Not quite, but I have experienced something similar. I remember a very stressful day in high school when, for the first time in my life, I failed an exam. I was devastated and desperately needed an escape. Luckily, on that very day my family decided to go watch the new movie Apocalypto, and I tagged along.
The movie absolutely blew my mind, and it is to this day one of my favorite movies of all time. I forgot about my exam problems instantly and was completely immersed in the world.
Walking out of the cinema theater, the world around suddenly felt very pale and boring. On the screen, there were lush vibrant forests, people running around in the wilds, incredible mountain landscapes... And around me I saw walls of concrete and people in grey winter clothes, walking in straight lines or staring at their phones.
Fantasy and fiction worlds usually feature things so far outside of our everyday experiences, that it is hard to come back to our everyday life without feeling disappointed. It is especially the case with RPG video games, where in the fictional world you can be a hero everyone looks up to, interacting with fantastic creatures and falling in love with unearthly divas - while in the real life you are just... a guy or a girl.
This, honestly, is one of the reasons I barely play video games any more.

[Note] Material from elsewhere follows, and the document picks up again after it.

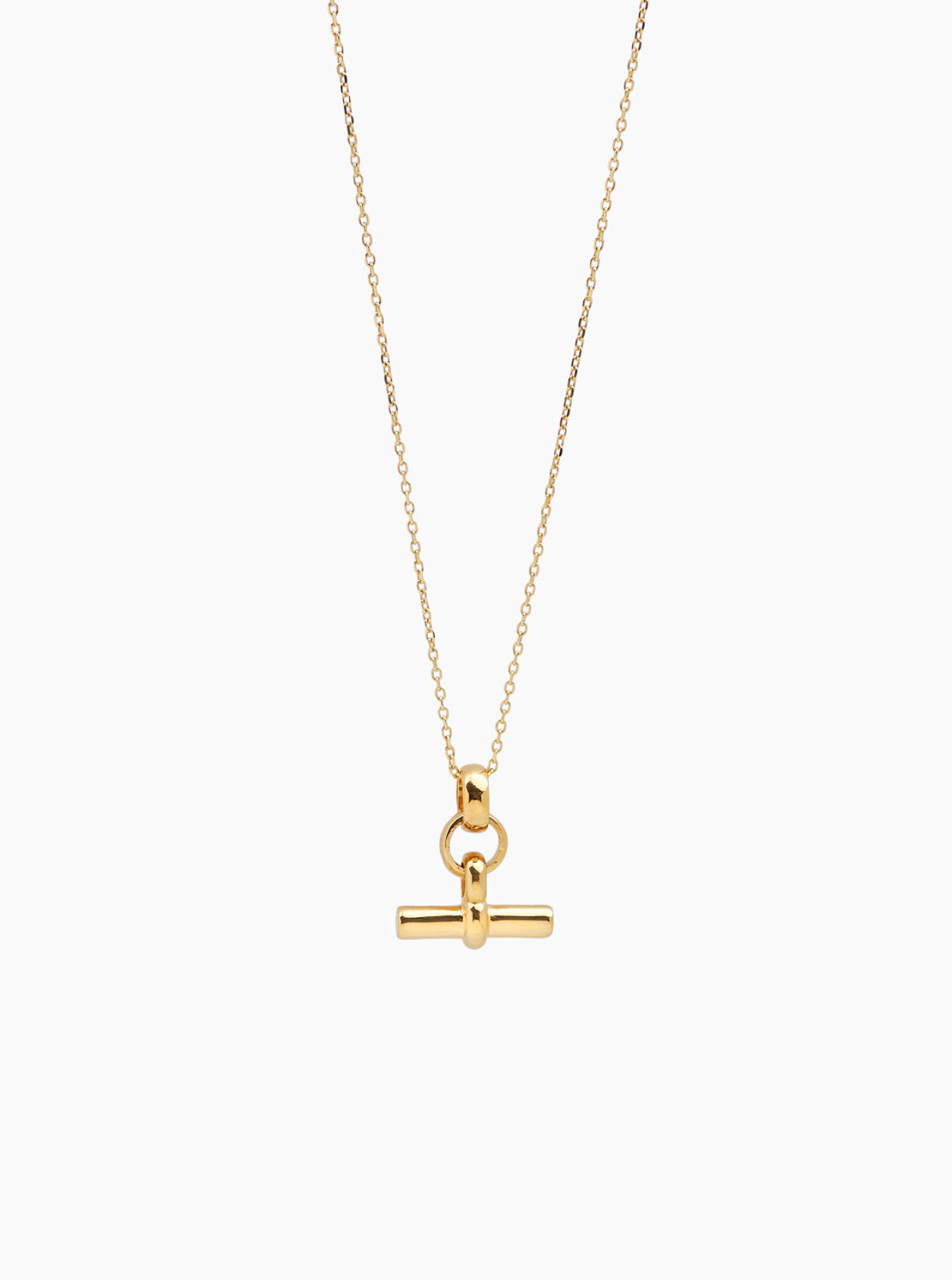 Tilly Sveaas Mini Gold T Bar Necklace on Trace Chain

I find that the more time I lose in them, the more desensitised I become to the world around me. And, in contrary, when my focus is on our world, I start noticing little details that seemed irrelevant before and find an incredible depth and richness to it.
Escapism is an easy way out, but it is a way that in the long run hurts us badly. I'm grateful for all the time I've spent playing video games, as they helped me develop my imagination, ideas and core values - but at this point in my life, I realise that it is time to move on to other dozens hobbies I have. Video games have given me everything they could possibly give, and playing much more of them will not benefit me in any way.

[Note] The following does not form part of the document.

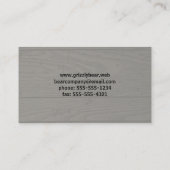 グリズリーベアーシルエット素朴風化木フェイク材 名刺 (裏面)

And, frankly, going to any national or state park and walking around always makes me feel 100 times better, than any video game, movie or book possibly could. Nothing can compare to the best samples of our nature! I can look at many fantasy worlds, and then glance at a small creek in the summer, and the latter will always win by a large margin.

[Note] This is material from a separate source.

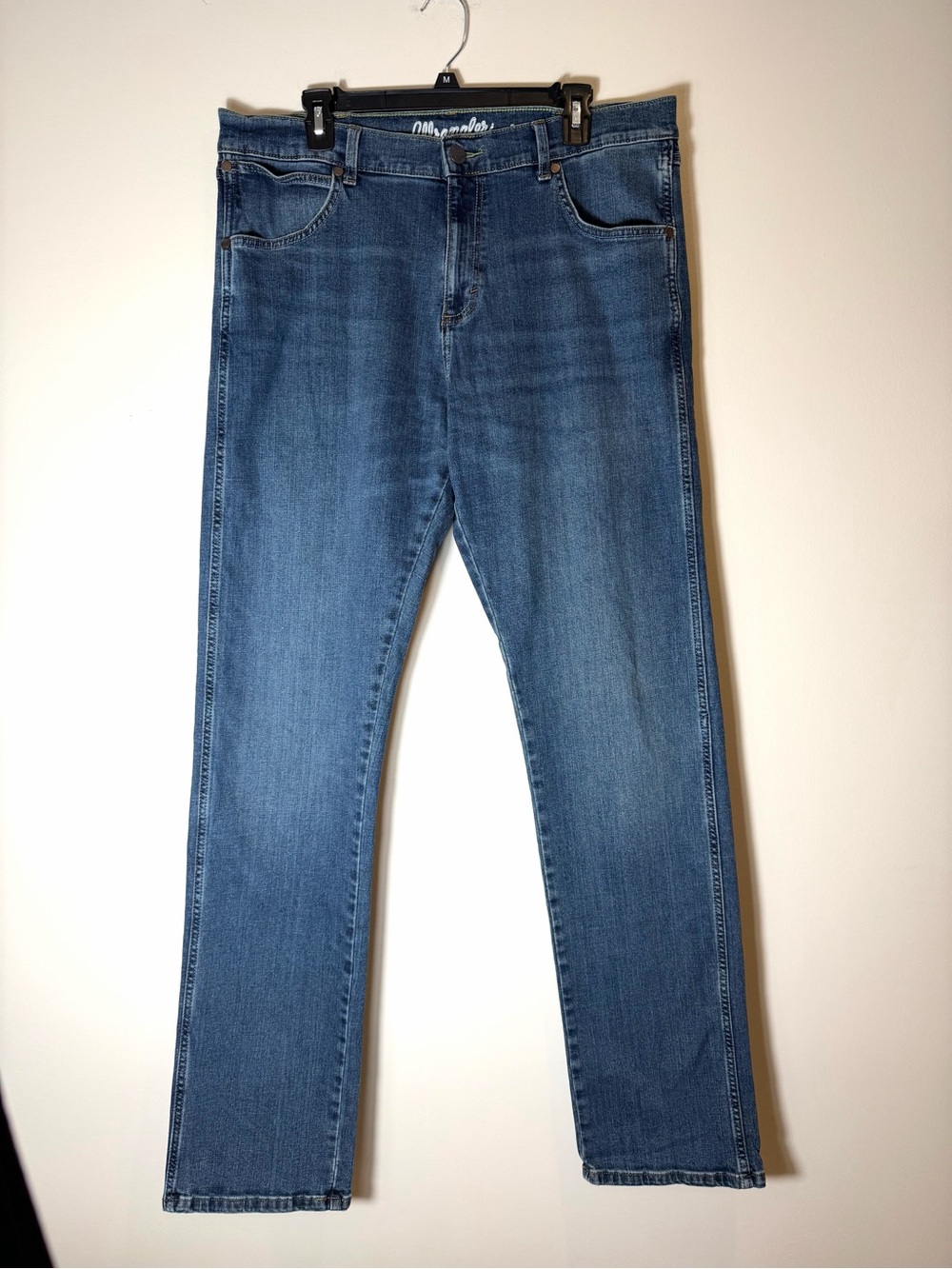 Wrangler Retro Men's Slim Straight Jeans Medium Wash Blue Denim 36 x 35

I feel that way about video games too now. When I was a kid, I could play for hours, but now not matter how good the game is... I can just play for maybe 30 or 40 minutes. It feels restrictive....like you're trapped in a tiny world. And after 40 minutes, I simply want out.
It also makes you feel like you're wasting time. You can win a video game and complete all the achievements in it, but at the end of the day nothing has changed in the real world. The more stuff you do in the real world, the more meaningful you feel.